Coarse clocks skip the TSC read entirely; they return the pre-computed basetime directly (resolution is one jiffy, ~1–4 ms). This makes them even cheaper than the TSC-based clocks.

VDSO_CLOCKMODE_NONE: fallback to real syscall

If the TSC is not reliable — for example, after live VM migration (the TSC may jump), during CPU hotplug, or when the kernel detects TSC instability — the kernel sets clock_mode to VDSO_CLOCKMODE_NONE. The vDSO detects this and calls clock_gettime_fallback(), which executes the real syscall instruction:

/* lib/vdso/gettimeofday.c */
static __always_inline long clock_gettime_fallback(clockid_t clk,
                                                    struct __kernel_timespec *ts)
{
    return syscall(__NR_clock_gettime, clk, ts);
}

This fallback is transparent to the caller — the function signature and return value are identical. VDSO_CLOCKMODE_NONE can also be triggered manually by writing to /sys/devices/system/clocksource/clocksource0/current_clocksource to switch away from the TSC.

getcpu() in the vDSO

getcpu(cpu, node, NULL) returns the current CPU and NUMA node without a syscall. On x86-64, __vdso_getcpu() uses either RDPID (if available, reads MSR_TSC_AUX directly) or RDTSCP (reads the TSC and stores the CPU+NUMA node in ECX via MSR_TSC_AUX). The kernel sets MSR_TSC_AUX per-CPU via set_cpu_rdtscp_id() during CPU bringup. No GS-relative memory access is involved — GS is a kernel-mode register and userspace cannot access the kernel's GS base.

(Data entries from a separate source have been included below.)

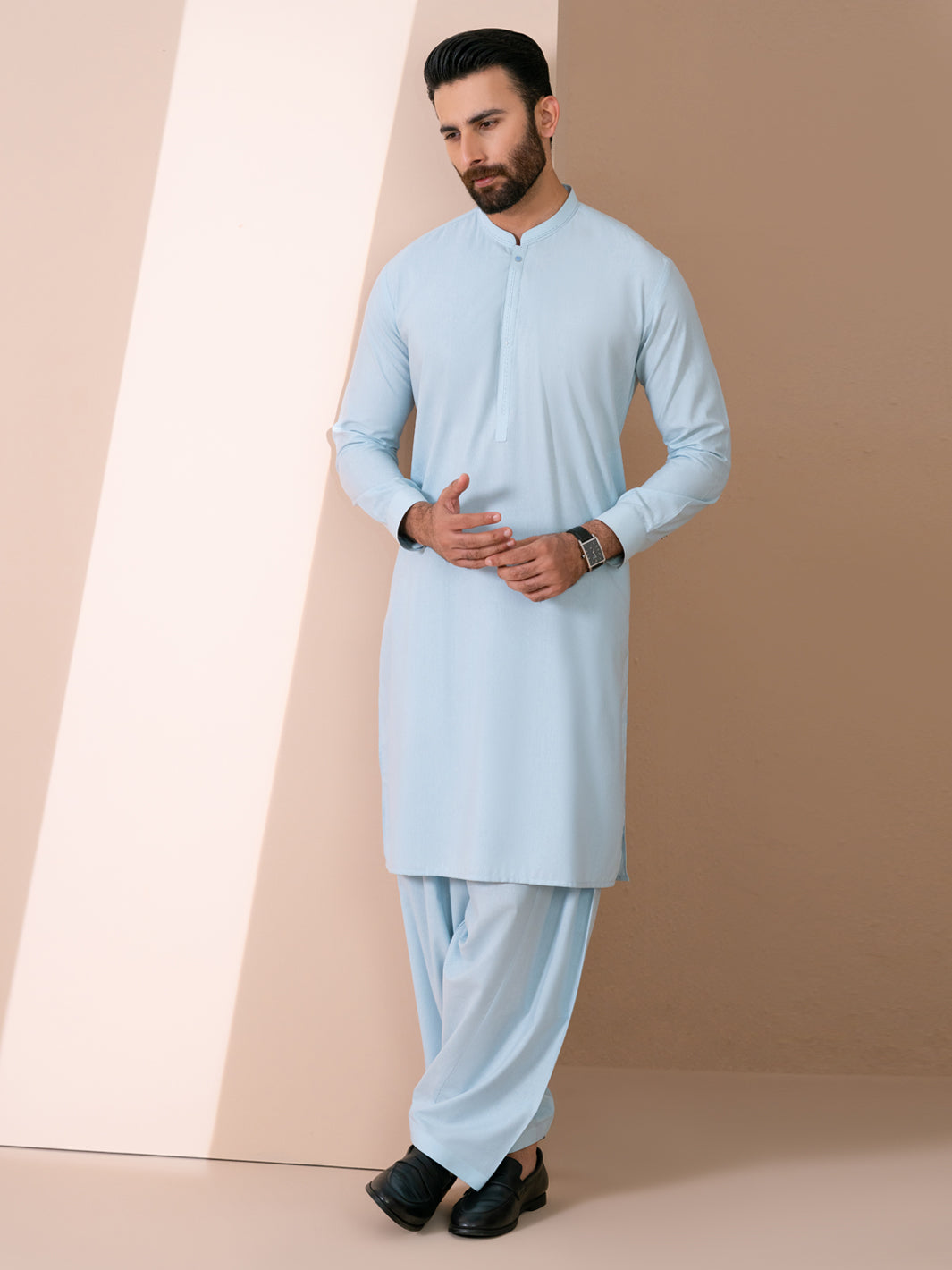 Light Blue Kameez Shalwar - AL-KS-3379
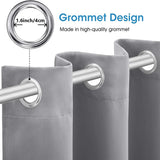 NONECN Blackout Curtains 4 Pack Heat Insulated Grommet For Bedroom Living Room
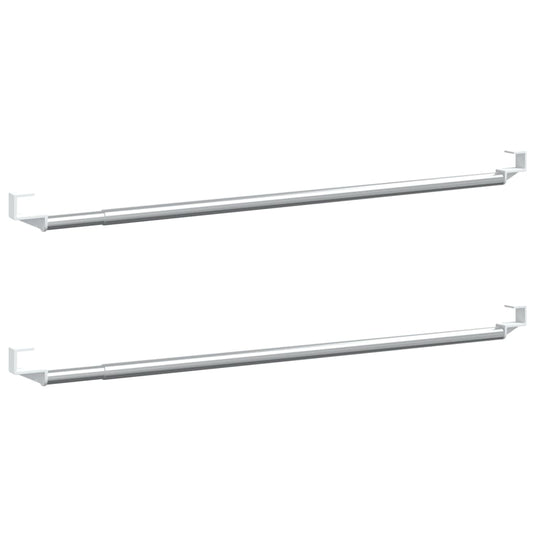 Vidaxl gordijnrails 2 st 40-60 cm aluminium wit en zilverkleurig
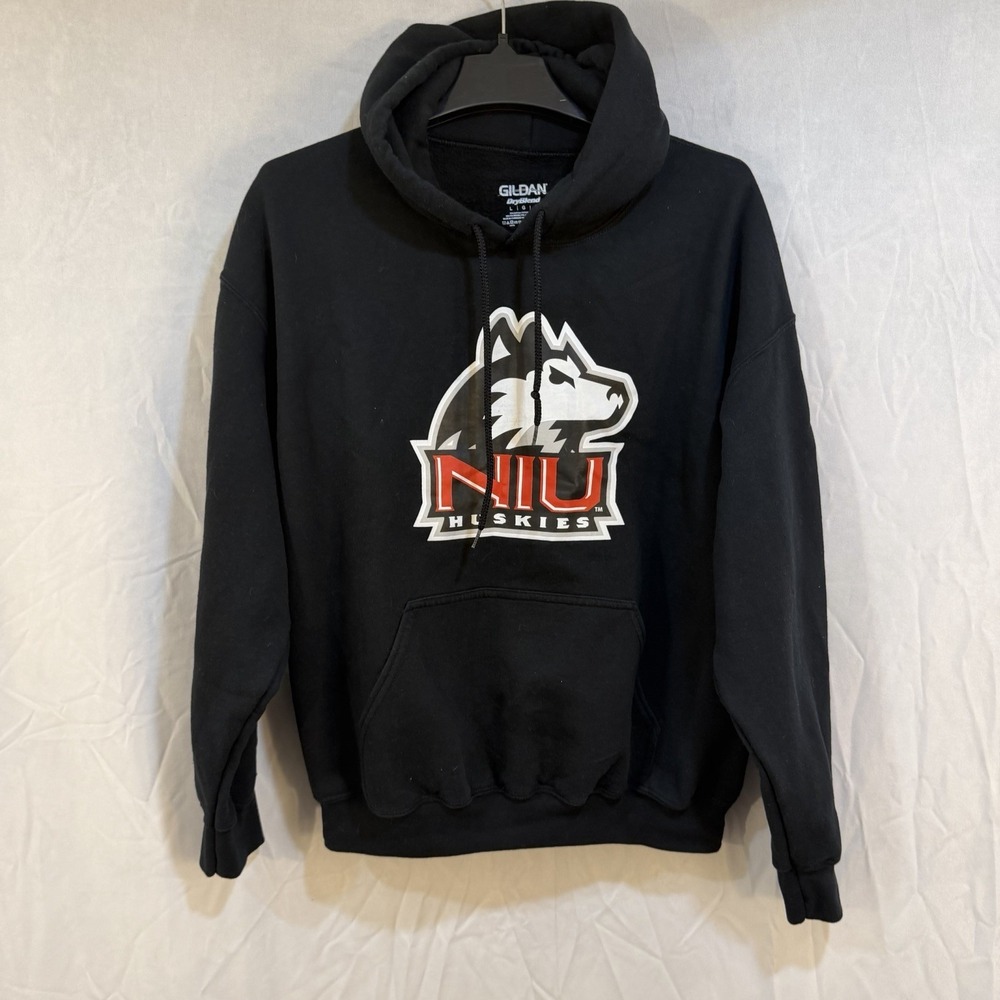 NIU Norther Illinois Hoodie Sweatshirt Women's L Black Hooded Pocket Pullover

/* arch/x86/entry/vdso/vgetcpu.c */
static __always_inline int __vdso_getcpu(unsigned *cpu, unsigned *node,
                                          struct getcpu_cache *unused)
{
    unsigned int p;

    /* RDPID: reads MSR_TSC_AUX into p (cpu | (node << 12)) */
    /* Falls back to RDTSCP if RDPID unavailable */
    p = __rdpid();    /* or RDTSCP ecx */

    if (cpu)
        *cpu = p & 0xfff;
    if (node)
        *node = p >> 12;
    return 0;
}

Debugging vDSO issues

strace always shows clock_gettime as a real syscall: strace injects ptrace, which sets TIF_SYSCALL_TRACE on the tracee. This causes the kernel to intercept the syscall instruction path, but the vDSO bypasses syscall entirely — the vDSO function runs in userspace without ever entering the kernel. strace therefore never sees vDSO-accelerated calls unless the vDSO falls back.

When the vDSO does fall back (e.g., VDSO_CLOCKMODE_NONE), strace will show the syscall normally.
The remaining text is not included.